Personal information
- Born: October 12, 1948 (age 77) Fulton, Missouri, U.S.
- Listed height: 6 ft 0 in (1.83 m)
- Listed weight: 202 lb (92 kg)

Career information
- College: Missouri
- NFL draft: 1970: undrafted

Career history
- Pittsburgh Steelers (1970)*; Green Bay Packers (1973);
- * Offseason and/or practice squad member only

Career NFL statistics
- Games played: 1
- Stats at Pro Football Reference

= Ron McBride (running back) =

American football player (born 1948)

James Ronald McBride (born October 12, 1948) is an American former professional football player who was a running back for the Green Bay Packers of the National Football League (NFL).
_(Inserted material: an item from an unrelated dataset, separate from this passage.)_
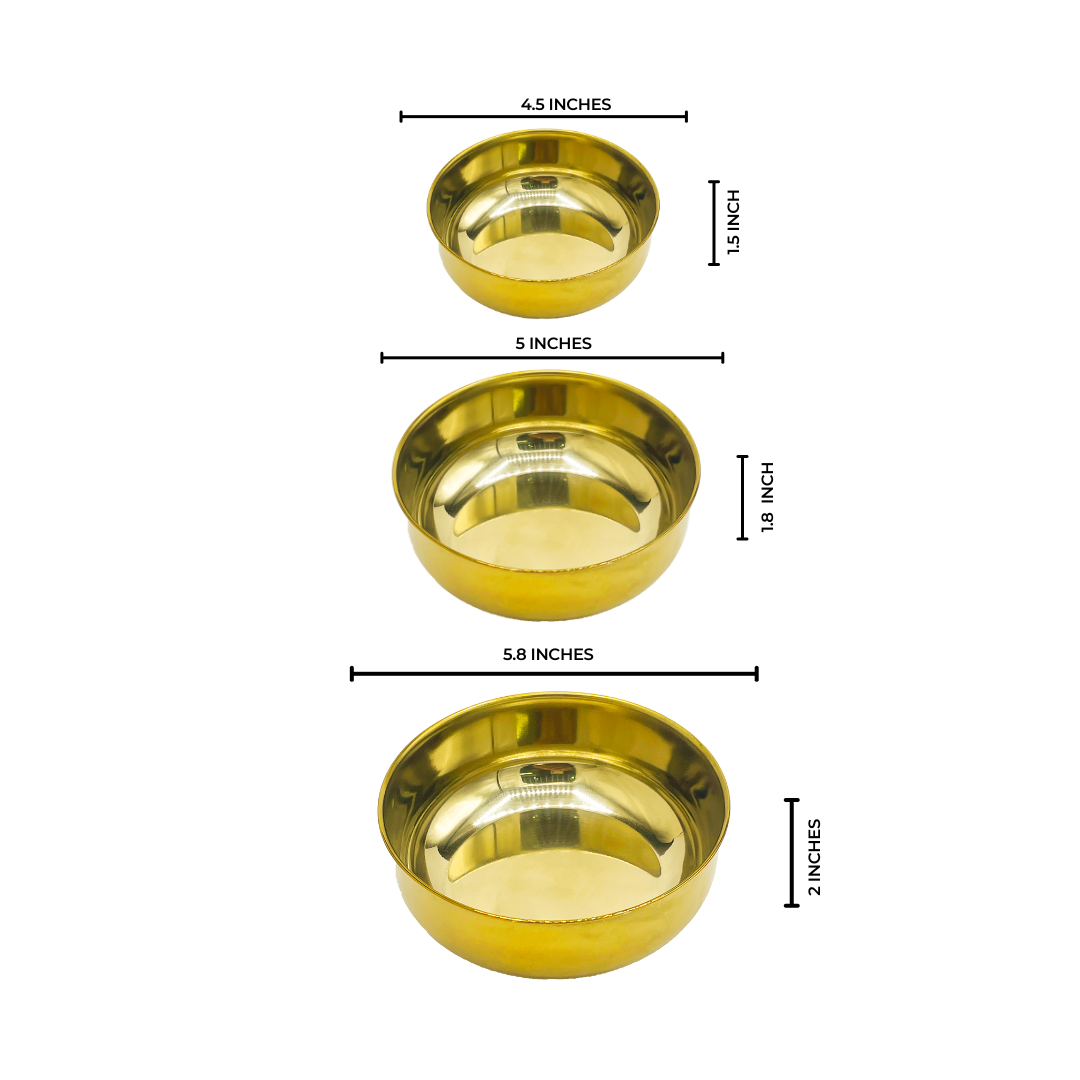 Golden Rice Bowls-Set of 3-PVD Coated QM Branded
He played college football for the Missouri Tigers.

==Career==
McBride played running back at the collegiate level at the University of Missouri from 1967 to 1969, appearing in 10 games each season. His college head coach was Dan Devine, who was later his coach with the Packers. He played in the 1968 Gator Bowl and the 1970 Orange Bowl. In his three college seasons, McBride gained 882 yards rushing, 251 yards receiving and 63 kick return yards. In his first season, 1967, he wore #26, and wore #32 in 1968 and 1969. His 1969 Missouri team—which also included future Packer Jon Staggers—had a 9–2 record and was named to the Missouri Sports Hall of Fame. McBride was the starting fullback for the West squad in the 1970 Coaches All-America Game in Lubbock, Texas.

McBride appeared in one game for the 1973 Packers, with whom he wore #24.